И все же войну он ненавидел. Не потому, что она мешала Вэллери воздавать дань давнишним привязанностям – музыке и литературе (он был большим знатоком по этой части); не потому даже, что она постоянно оскорбляла его эстетические чувства, его представления о справедливости и целесообразности. Он ненавидел её потому, что был глубоко набожен; потому, что ему больно было видеть, как люди превращаются в лютых зверей; потому, что он считал жизнь тяжким бременем и без тех страданий и лишений, которые приносит с собой война; но главным образом потому, что он ясно представлял всю нелепость и бессмысленность войны, этого порождения воспаленного безумием мозга, войны, которая ничего не решает, ничего не доказывает, кроме древней, как мир, истины, что господь Бог всегда на стороне более многочисленных легионов.

Но существуют вещи, которые волей-неволей нужно делать. Вэллери было совершенно ясно, что война эта – и его война. Поэтому-то он снова пошёл служить на флот. По мере того, как шли тяжкие годы войны, он старел, худел, становился все добрее и терпимее к людям, которых он все больше понимал.

Таких, как Вэллери, не сыскать было среди других командиров кораблей британского флота, да и вообще среди смертных.

Никто на свете не мог сравниться с Ричардом Вэллери своим великодушием, своим смирением. Но подобная мысль никогда не приходила ему в голову, что доказывало величие этого прекрасного человека.

Он вздохнул. В эту минуту его заботило одно – что сказать Ральстону. Но тот заговорил первым.

– Не беспокойтесь, сэр. – Голос юноши звучал монотонно и спокойно, лицо его было неподвижно. – Я все знаю. Командир минно-торпедной части меня оповестил.

– Слова бесполезны, Ральстон, – откашлялся Вэллери. – И совершенно излишни. Ваш младший брат… и ваша семья. Их больше нет. Мне очень жаль, мой мальчик, ужасно жаль. – Он взглянул в бесстрастное лицо молодого моряка и невольно усмехнулся. – Или вы полагаете, что все это – одни слова? Некая формальность, так сказать, официальное соболезнование?

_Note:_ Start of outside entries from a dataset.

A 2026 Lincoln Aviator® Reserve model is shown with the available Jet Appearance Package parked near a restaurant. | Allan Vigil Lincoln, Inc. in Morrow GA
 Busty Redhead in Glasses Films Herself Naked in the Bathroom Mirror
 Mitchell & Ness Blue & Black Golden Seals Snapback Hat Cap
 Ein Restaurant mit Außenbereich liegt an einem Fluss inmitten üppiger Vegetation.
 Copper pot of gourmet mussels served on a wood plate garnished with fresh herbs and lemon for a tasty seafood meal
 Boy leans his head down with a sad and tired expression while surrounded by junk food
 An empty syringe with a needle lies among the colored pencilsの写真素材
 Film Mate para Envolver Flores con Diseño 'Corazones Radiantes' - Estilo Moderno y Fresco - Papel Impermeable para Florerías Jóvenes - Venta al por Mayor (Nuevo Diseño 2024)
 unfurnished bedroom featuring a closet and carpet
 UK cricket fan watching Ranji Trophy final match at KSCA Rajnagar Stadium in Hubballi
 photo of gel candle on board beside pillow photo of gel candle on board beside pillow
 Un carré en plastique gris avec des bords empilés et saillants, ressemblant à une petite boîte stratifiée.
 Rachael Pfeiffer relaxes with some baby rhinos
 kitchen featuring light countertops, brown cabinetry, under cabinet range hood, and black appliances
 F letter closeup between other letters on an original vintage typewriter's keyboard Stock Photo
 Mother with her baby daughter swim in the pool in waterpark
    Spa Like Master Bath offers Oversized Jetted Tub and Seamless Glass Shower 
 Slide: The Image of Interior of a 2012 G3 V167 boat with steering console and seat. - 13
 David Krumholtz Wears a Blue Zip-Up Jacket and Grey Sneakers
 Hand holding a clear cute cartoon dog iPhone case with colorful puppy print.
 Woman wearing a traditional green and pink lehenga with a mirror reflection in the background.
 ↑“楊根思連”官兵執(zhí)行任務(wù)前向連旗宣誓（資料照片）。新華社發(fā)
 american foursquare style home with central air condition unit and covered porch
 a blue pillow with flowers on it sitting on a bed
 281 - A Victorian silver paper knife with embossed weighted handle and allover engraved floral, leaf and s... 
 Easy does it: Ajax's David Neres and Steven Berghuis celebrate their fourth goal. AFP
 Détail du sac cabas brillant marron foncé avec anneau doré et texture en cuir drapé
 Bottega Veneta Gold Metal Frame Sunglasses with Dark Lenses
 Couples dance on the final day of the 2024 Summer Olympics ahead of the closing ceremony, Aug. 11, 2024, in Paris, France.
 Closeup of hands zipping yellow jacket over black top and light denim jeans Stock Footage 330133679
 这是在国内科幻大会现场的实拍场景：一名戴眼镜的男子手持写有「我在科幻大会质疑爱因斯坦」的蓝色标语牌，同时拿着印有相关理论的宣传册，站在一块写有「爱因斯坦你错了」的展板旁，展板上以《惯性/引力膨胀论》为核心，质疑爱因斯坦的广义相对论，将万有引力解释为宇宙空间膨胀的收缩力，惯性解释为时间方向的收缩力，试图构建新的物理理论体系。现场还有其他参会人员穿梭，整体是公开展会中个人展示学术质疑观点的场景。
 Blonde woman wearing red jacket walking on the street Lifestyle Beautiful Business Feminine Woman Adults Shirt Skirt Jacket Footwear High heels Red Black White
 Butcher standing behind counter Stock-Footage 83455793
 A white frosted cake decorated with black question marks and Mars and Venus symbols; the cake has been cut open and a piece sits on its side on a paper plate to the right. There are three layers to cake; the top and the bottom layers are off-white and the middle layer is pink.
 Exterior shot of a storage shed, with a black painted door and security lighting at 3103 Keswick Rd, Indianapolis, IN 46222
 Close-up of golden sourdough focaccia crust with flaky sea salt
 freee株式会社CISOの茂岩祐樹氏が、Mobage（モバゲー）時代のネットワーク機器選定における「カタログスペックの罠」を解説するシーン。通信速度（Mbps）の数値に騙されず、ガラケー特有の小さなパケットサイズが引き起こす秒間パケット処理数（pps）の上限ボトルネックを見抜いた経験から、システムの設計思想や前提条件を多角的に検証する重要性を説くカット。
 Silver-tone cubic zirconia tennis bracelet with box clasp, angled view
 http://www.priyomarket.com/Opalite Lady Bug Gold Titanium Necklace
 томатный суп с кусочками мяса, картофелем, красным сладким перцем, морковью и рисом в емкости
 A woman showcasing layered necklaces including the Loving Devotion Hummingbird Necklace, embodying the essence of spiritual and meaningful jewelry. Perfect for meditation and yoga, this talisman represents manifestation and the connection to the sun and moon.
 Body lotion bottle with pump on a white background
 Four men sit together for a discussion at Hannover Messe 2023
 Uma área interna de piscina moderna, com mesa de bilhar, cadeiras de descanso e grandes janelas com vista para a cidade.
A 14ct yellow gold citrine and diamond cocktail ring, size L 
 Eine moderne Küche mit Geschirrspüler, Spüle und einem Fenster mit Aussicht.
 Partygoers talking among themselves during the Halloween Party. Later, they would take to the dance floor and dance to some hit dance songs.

К удивлению командира, лицо Ральстона чуть осветилось улыбкой.

– Нет, сэр, я так не думаю. Я понимаю ваши чувства. Видите ли, мой отец… Он тоже командует судном. Он говорил мне, что в подобных случаях испытывает то же самое.

Вэллери изумленно взглянул на него:

– Ваш отец, Ральстон? Вы говорите…

– Да, сэр.

Вэллери готов был поклясться, что в голубых глазах юноши, сидевшего напротив него, – спокойных, невозмутимых, – сверкнула искорка смеха.

– Он служит в торговом флоте, сэр… Капитан танкера водоизмещением шестнадцать тысяч тонн. – Вэллери ничего не ответил. Ральстон продолжал:

– Я по поводу Билли, моего младшего брата, сэр – тут виноват только я один – это я просил перевести его на наш корабль. Все из-за меня произошло.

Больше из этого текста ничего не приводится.